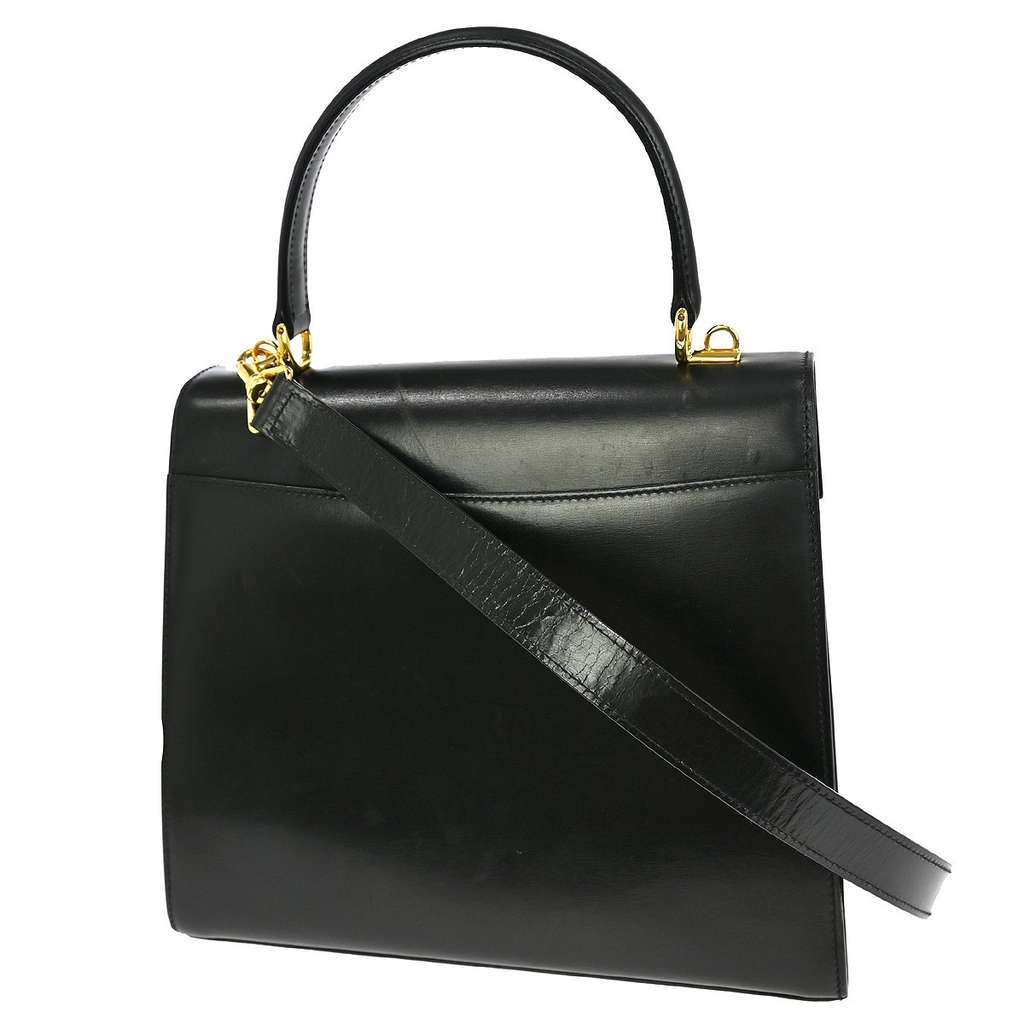 Gucci Vintage Lady Lock Top Handle Bag Black Leather Good condition - Back View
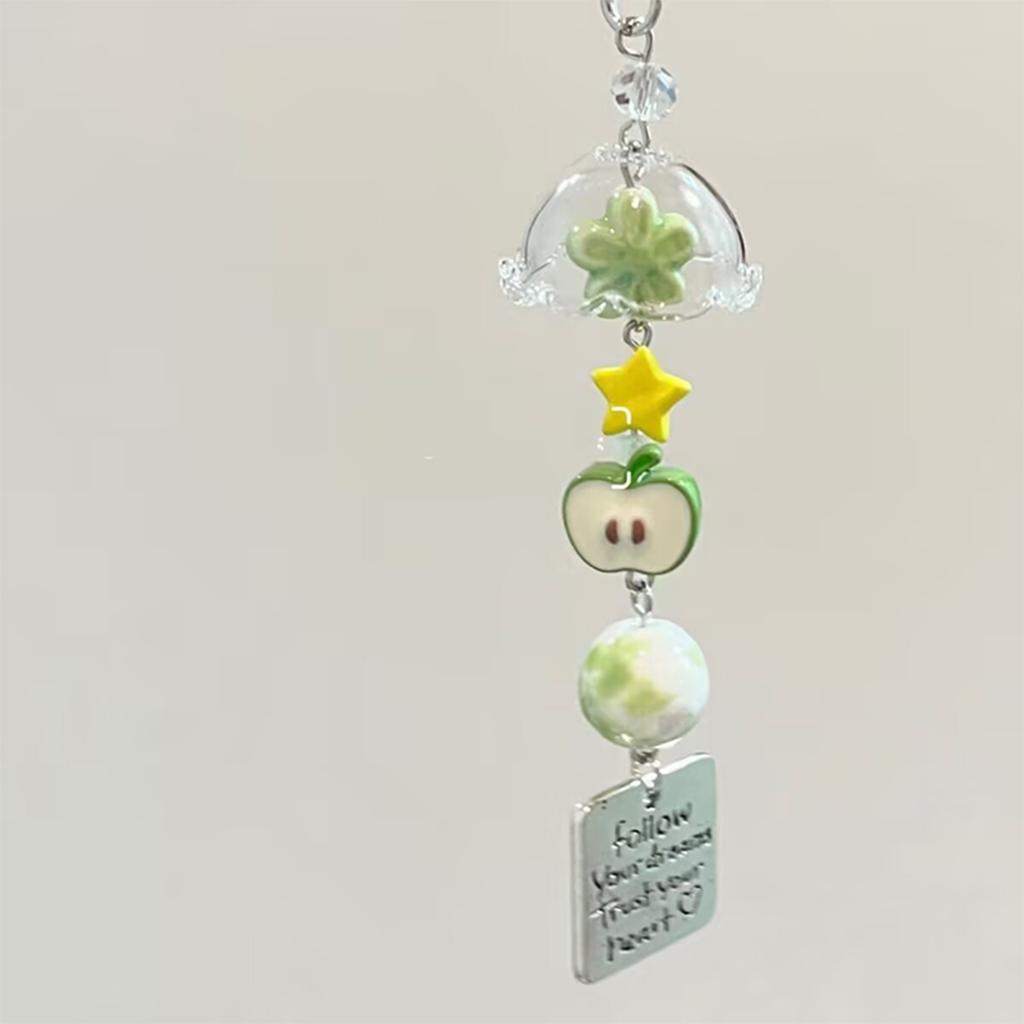 Cute Fruit Keychain Creative Summer Watermelon Pendant Key Chain Beaded Mobile Phone Anti-Lost Lanyard Bag Decorative Keyring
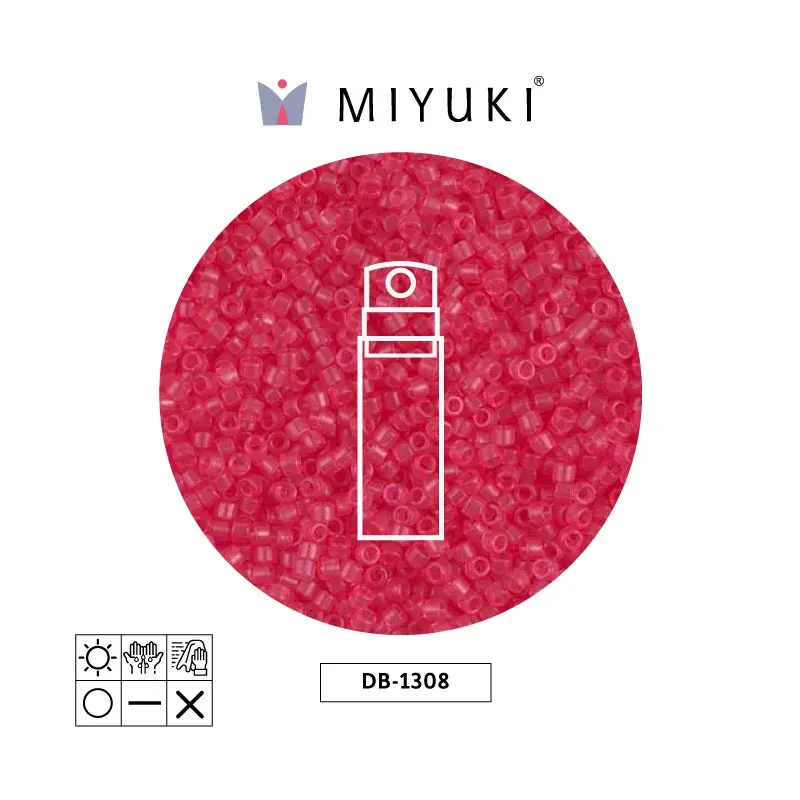 Miyuki delica 11/0 DB1308 transparent bubble gum pink x 10g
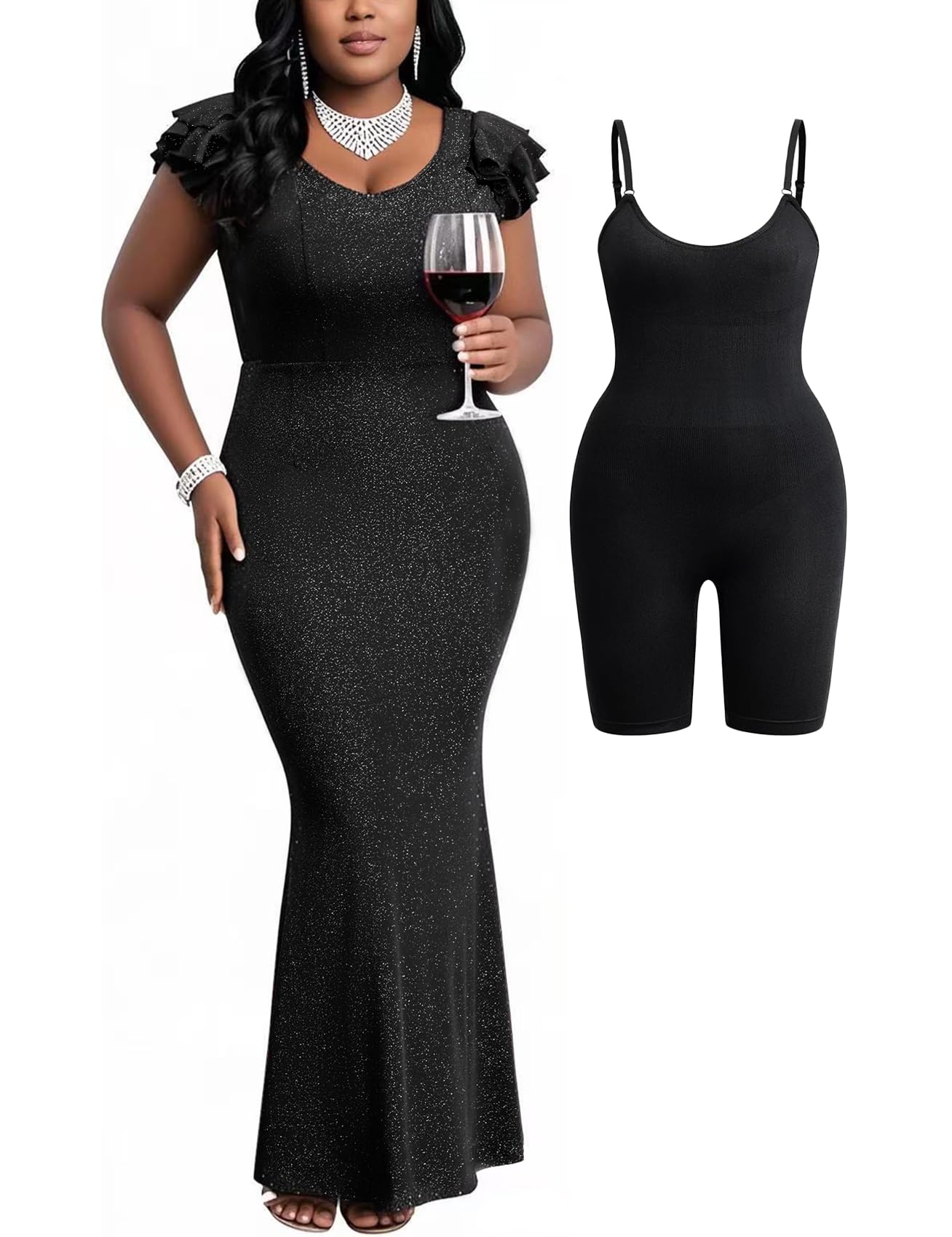 CYCLAMEN Plus Size Sparkly Formal Dress Mermaid Bodycon Maxi Evening Gown Prom Cocktail Banquet Wedding Guest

• • • • • • •

GOAL OF THE EXERCISE —
Each line of the data is to be duplicated exactly; pictures stay out of the copy.

ANSWER BOX —
 Gucci Vintage Lady Lock Top Handle Bag Black Leather Good condition - Back View
 Cute Fruit Keychain Creative Summer Watermelon Pendant Key Chain Beaded Mobile Phone Anti-Lost Lanyard Bag Decorative Keyring
 Miyuki delica 11/0 DB1308 transparent bubble gum pink x 10g
 CYCLAMEN Plus Size Sparkly Formal Dress Mermaid Bodycon Maxi Evening Gown Prom Cocktail Banquet Wedding Guest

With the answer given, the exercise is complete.